Rizal was commenting on the new guidelines by the Central Agency for Application for Filming and Performance by Foreign Artistes (Puspal).
Among others, the new additions in the guidelines are that male foreign artistes are not allowed to dress up like women when performing in Malaysia.
Large-scale concerts and live performances by international acts are also not allowed to be held on the night before Islamic public holidays and on the date of such occasions itself.
About such “blackout” dates, Rizal said there should be some allowance for events which are not related to the particular religious occasion.
For example, he said a concert which features Indian culture should be allowed to happen on a Muslim holiday.
“A concert that is considered ‘large-scale’ is not allowed to be held on these dates.
“But it’s slightly unclear what exactly this means. We need further definition to make the rules more business-friendly,” added Rizal, who is the chief executive officer of live events organiser LOL Asia.
On the rule to forbid cross dressing for male foreign artistes, he said such a guideline would mean certain acts cannot be brought to Malaysia like RuPaul’s Drag Race, which is an American reality show that expanded to Asian countries.

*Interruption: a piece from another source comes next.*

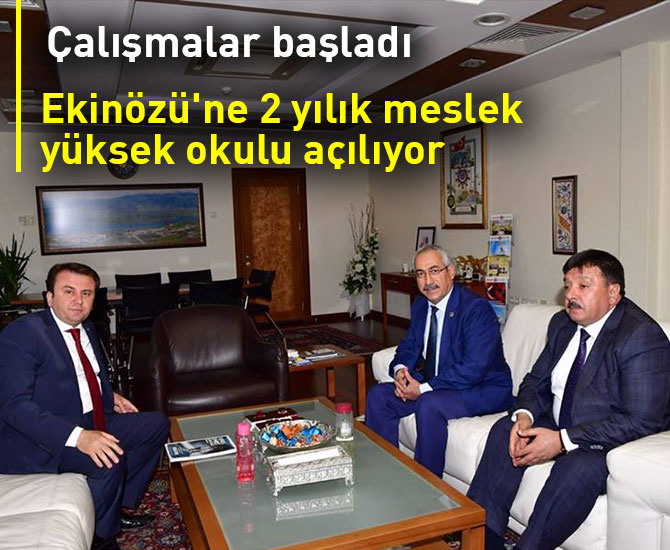 Ekinözü'ne 2 yılık meslek yüksek okulu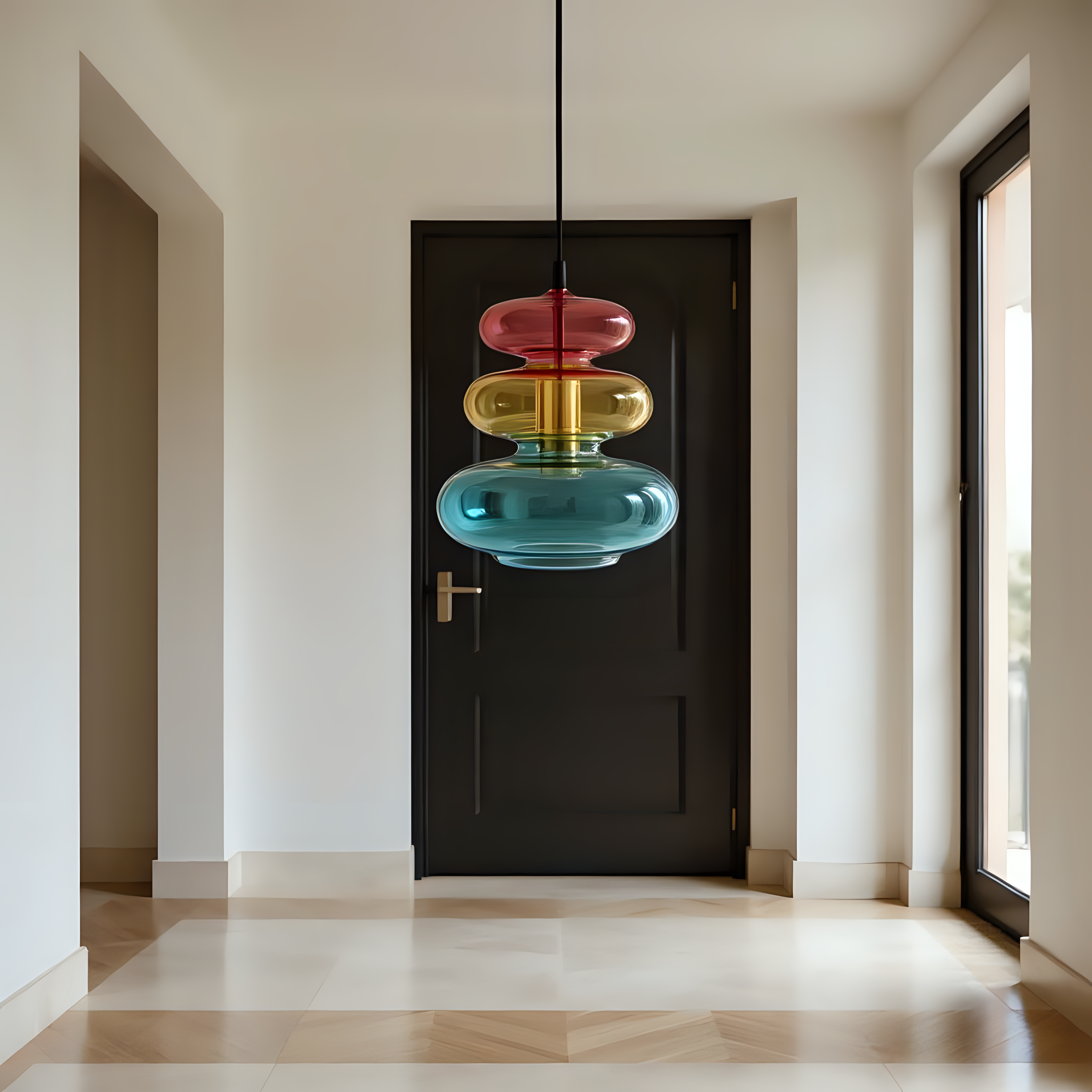 Hand Blown Glass Pendant Light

However, he said entertainers like Singaporean comedian Kumarason Chinnadurai or Kumar are able to perform here after following the dress code.
“Black metal bands, or any other acts that are considered too extreme, are viewed as not suitable for the Malaysia brand as well.
“But the world is full of talented people and there are still many international acts that can and want to come to Malaysia,” added Rizal.
Alife chairman Para Rajagopal, who is also the managing director of concert organiser PR Worldwide, agreed that the guidelines have more details on what can be done and not.
“But does it help to grow the industry? It’s for sure curbing some freedom of creativity, inclusivity and diversity,” he said.
Para added that Alife is hoping to have a technical meeting with Puspal to iron out key elements like how to handle the blackout dates, managing acts who support inclusivity of genders, extreme views to ban concerts and responsible media coverage on events.
The Livescape Group chief executive officer Iqbal Ameer said industry players will have to continue their dialogue with Puspal to ensure that the live events industry can remain sustainable in the long run and appeal to everyone’s goals.
On the restrictions in the guidelines, he said it is difficult for event organisers to screen through every specific show.
“As event promoters, they bring in what the fans want to see.
“So to impose these restrictions has put event promoters in a hard place to decide what is and what is not suitable. This still puts us in a continuous dialogue and to be case-by-case specific, which may deter growth,” he said.